-------- Input records --------

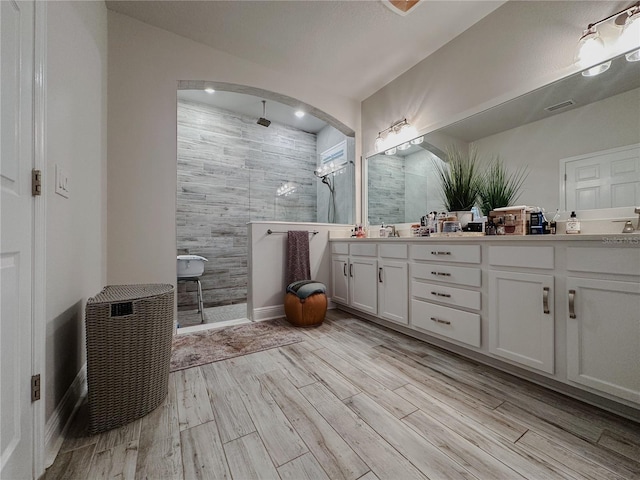 5709 Camila Song Ln, Tampa, FL 33625 - bathroom with double vanity, visible vents, walk in shower, and wood finished floors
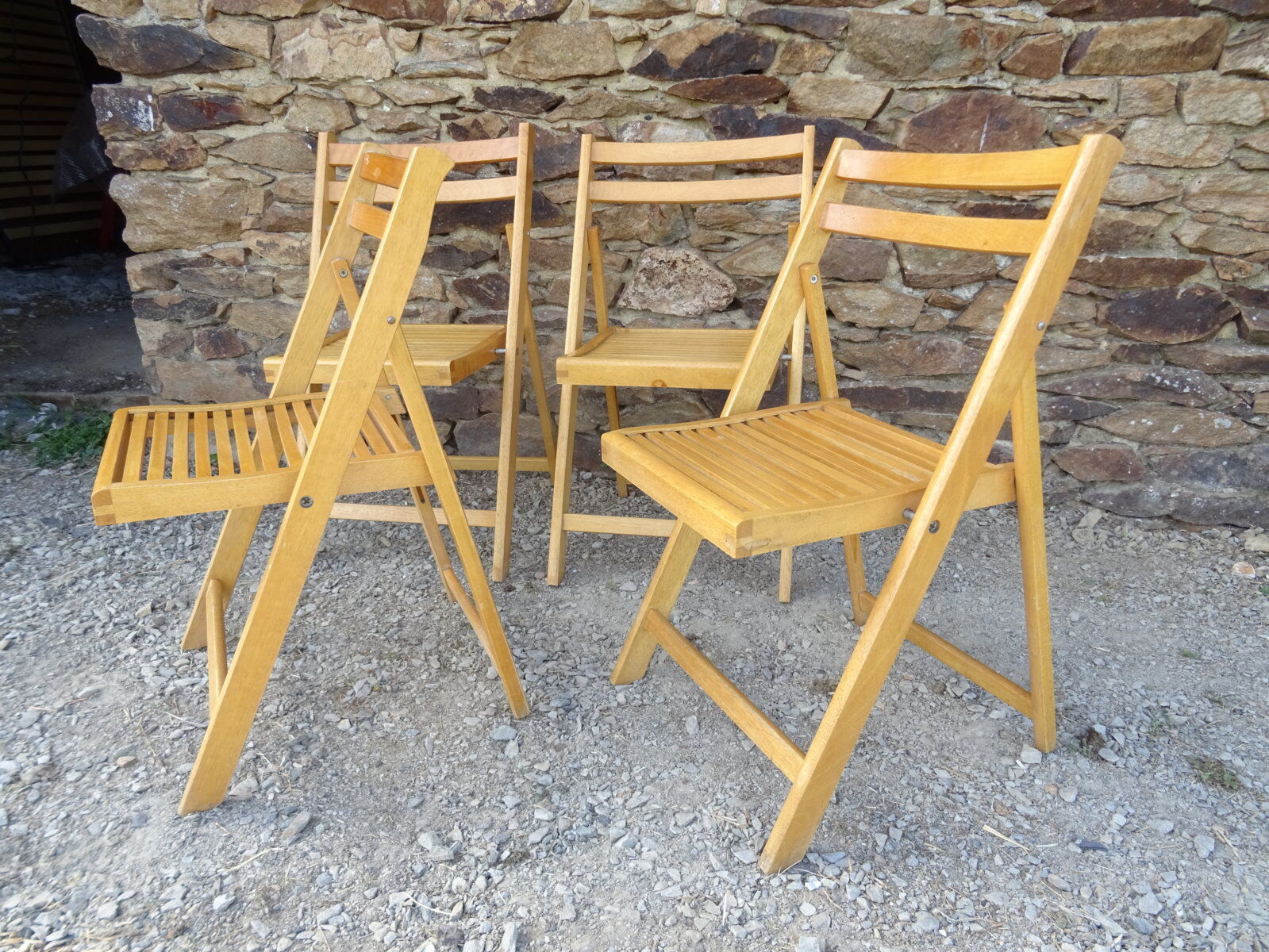 Series of 4 folding chairs in solid beech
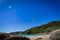 Seagull flying in the sky at Fairy Cove beach at Wilson Promontory Victoria Australia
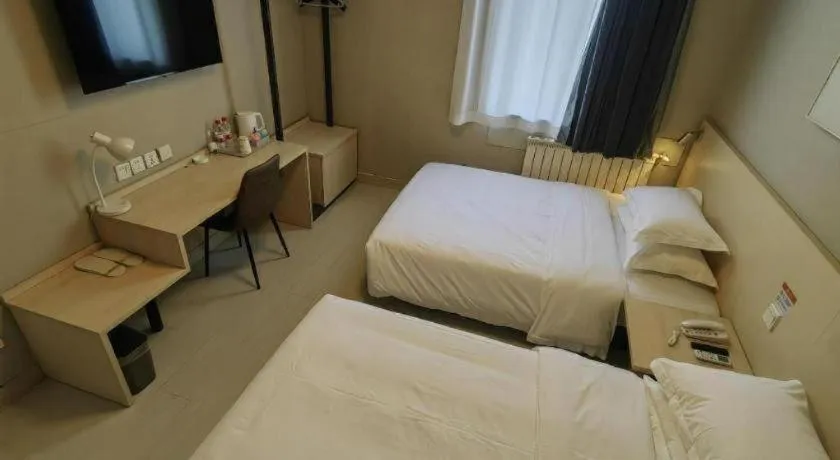 Bed in Jinjiang Inn Qingdao International Exhibition Center Haier Road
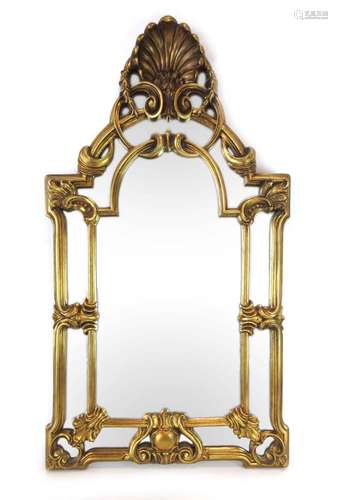 A 20th century wall mirror with a moulded gilt frame and shell pediment,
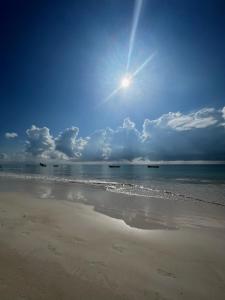vistas a una playa con el sol en el cielo en El Paraiso Hotel Tulum, en Tulum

--------

Print, without pictures, exactly the lines from the one containing "Bed in Jinjiang" through the final line of the records above.

 Bed in Jinjiang Inn Qingdao International Exhibition Center Haier Road
 A 20th century wall mirror with a moulded gilt frame and shell pediment,
vistas a una playa con el sol en el cielo en El Paraiso Hotel Tulum, en Tulum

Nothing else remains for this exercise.